For example, let's say you need an R environment for your Jupyter notebook session. Why not try the latest r-notebook container from the Jupyter Docker Stacks project? To get started, you first use the singularity pull command to download and convert the Docker container to a Singularity container.

singularity pull docker://jupyter/r-notebook:latest

Once all of the layers of the Docker container have been downloaded and the container conversion process is complete, you can then launch your Jupyter notebook session with the newly built Singularity container.

galyleo launch --account abc123 --cpus 2 --memory 4 --time-limit 00:30:00 --sif r-notebook_latest.sif

On some systems like Expanse, you may need to load Singularity via the software module environment as well.

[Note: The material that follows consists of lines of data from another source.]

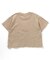 【リンク】ロゴ&モチーフバリエーション半袖Tシャツ
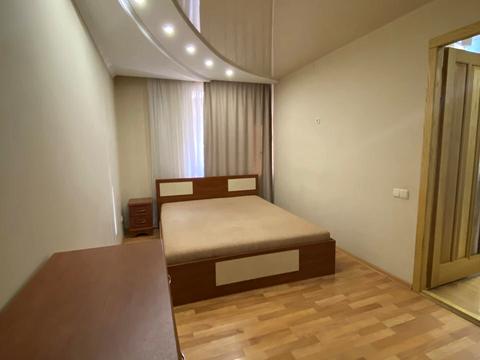 квартира по адресу Днепр, Гоголя ул., 19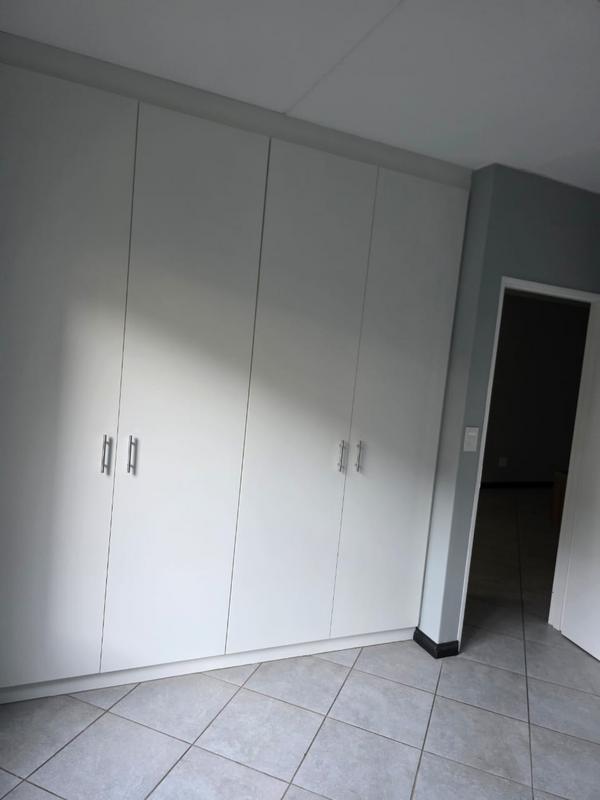 2 Bedroom Property for Sale in Norton Home Estate AH Gauteng
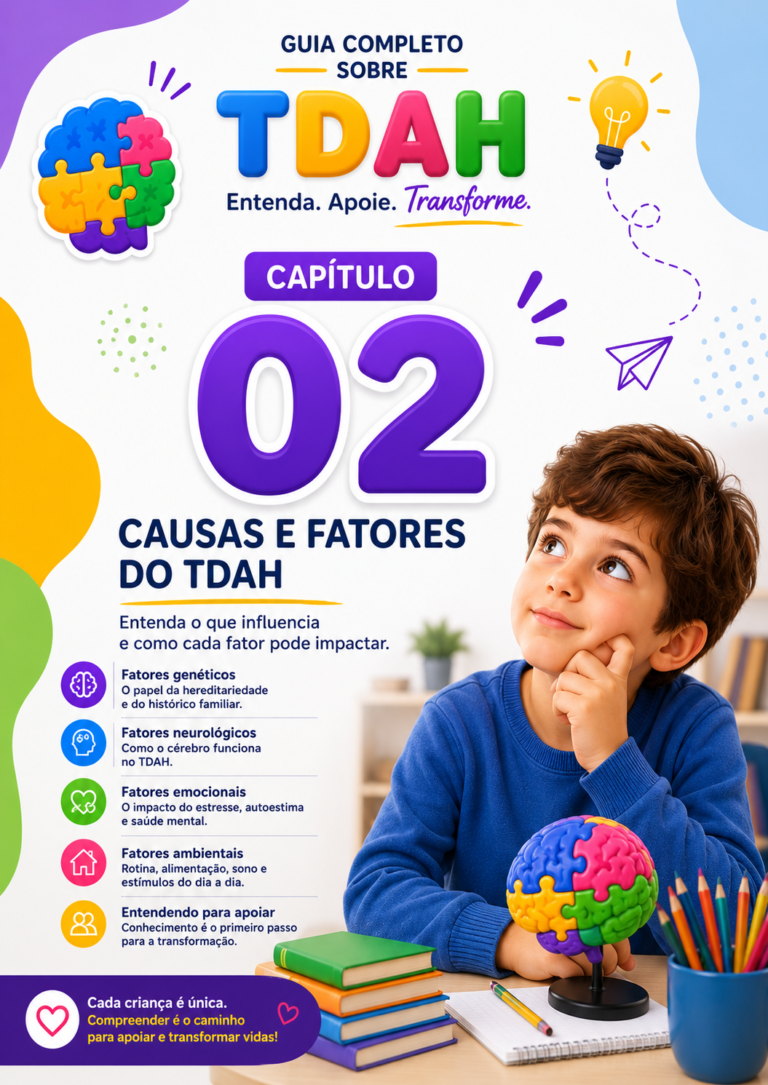 Capítulo - 02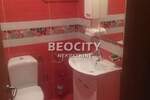 Trosoban stan, Beograd, Zvezdara, prodaja, 165m2, 355000e, id1374735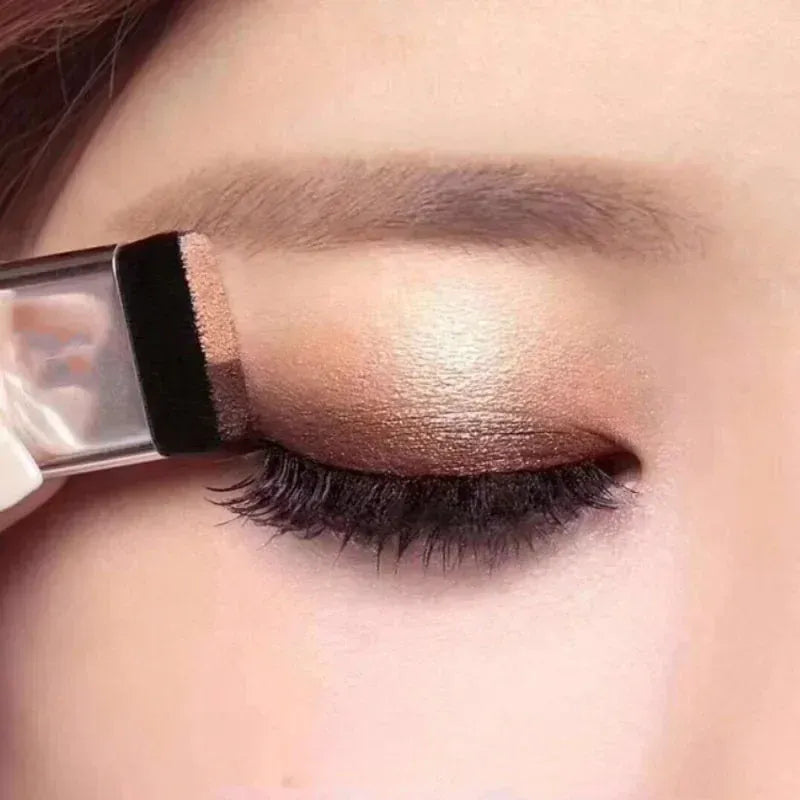 Shimmer Eye Shadow Stick-Multi Colour. - BLAKESTORE-NG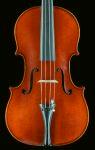 Viola 41 Germain Emile, Paris 1887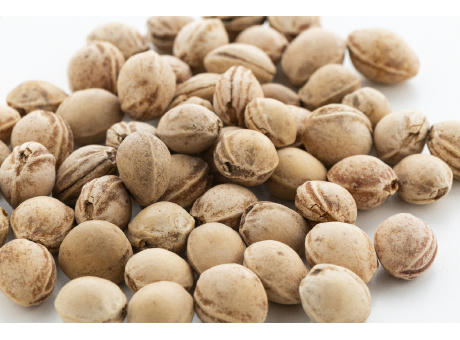 Kirschkernkissen PitHeat Werbeartikel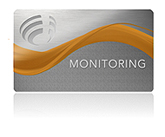 MONITORING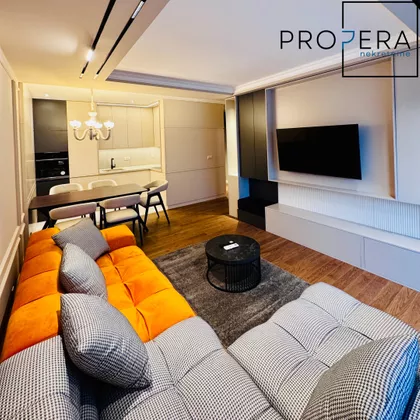 Blagoja Parovića | 4zida.rs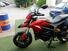 Ducati Hyperstrada 821 (2013 - 15) (17)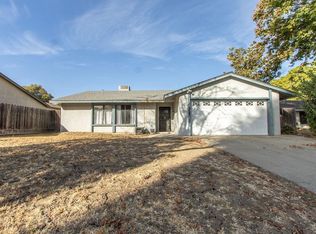 3523 Placer Ct, Merced, CA 95340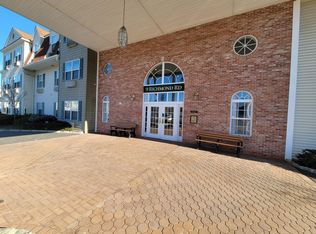 9128 Richmond Rd, West Milford, NJ 07480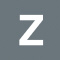 goZphCo[rbg
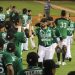 OLMECAS SUMA UNA SERIE MAS, AL DOBLEGAR 4-1 AL AVE JAROCHA
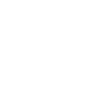microchip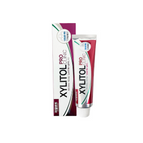 Gum Care (Purple Box)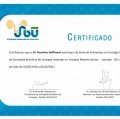 Ampliar imagem: certificate 4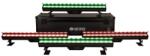 ADJ ElectraPix Bar 16 Pak (1226100506)
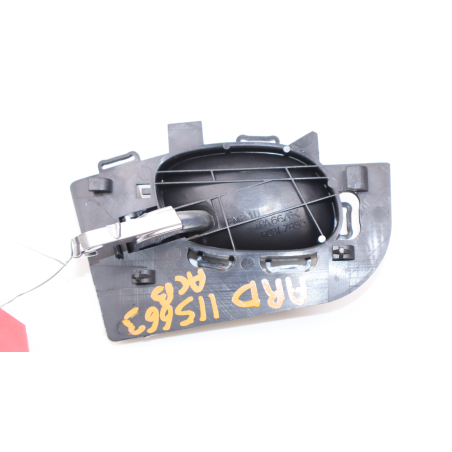 POIGNEE INT PORTE ARD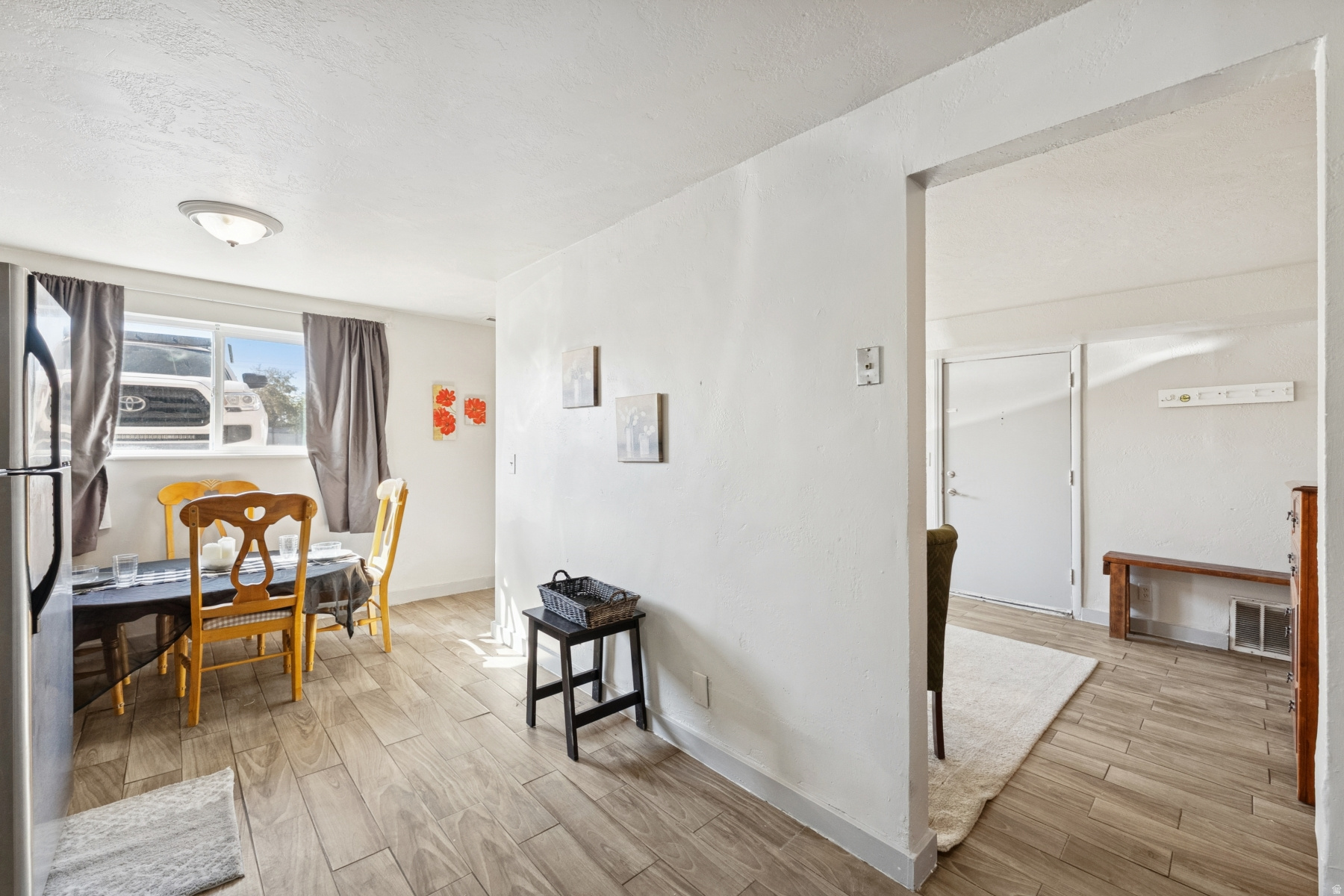 IRVING CIRCLE CONDM - Residential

galyleo launch --account abc123 --cpus 2 --memory 4 --time-limit 00:30:00 --env-modules singularitypro --sif r-notebook_latest.sif --bind /expanse,/scratch

Here, the user-defined --bind mount option also enables access to both the /expanse network filesystems (e.g., /expanse/lustre) and the local NVMe /scratch disk(s) available on each compute node from within the container. By default, only your $HOME directory is accessible from within the container.

Singularity also provides native support for running containerized applications on NVIDIA GPUs. If you have a GPU-accelerated application you would like to run during your Jupyter notebook session, please make sure your container includes a CUDA-enabled version of the application that can utilize NVIDIA GPUs.

NVIDIA distributes a number of GPU-optimized containers via their container registry. This includes containers for all of the most popular deep learning frameworks --- PyTorch, TensorFlow, and MXNet --- with jupyter pre-installed. Like the the containers available from DockerHub, you can pull these containers to the HPC system you are working on

singularity pull docker://nvcr.io/nvidia/pytorch:21.07-py3

and then launch your Jupyter notebook session with galyleo. For example, you might want to run this PyTorch container on a single NVIDIA V100 GPU available in Expanse's gpu-shared partition.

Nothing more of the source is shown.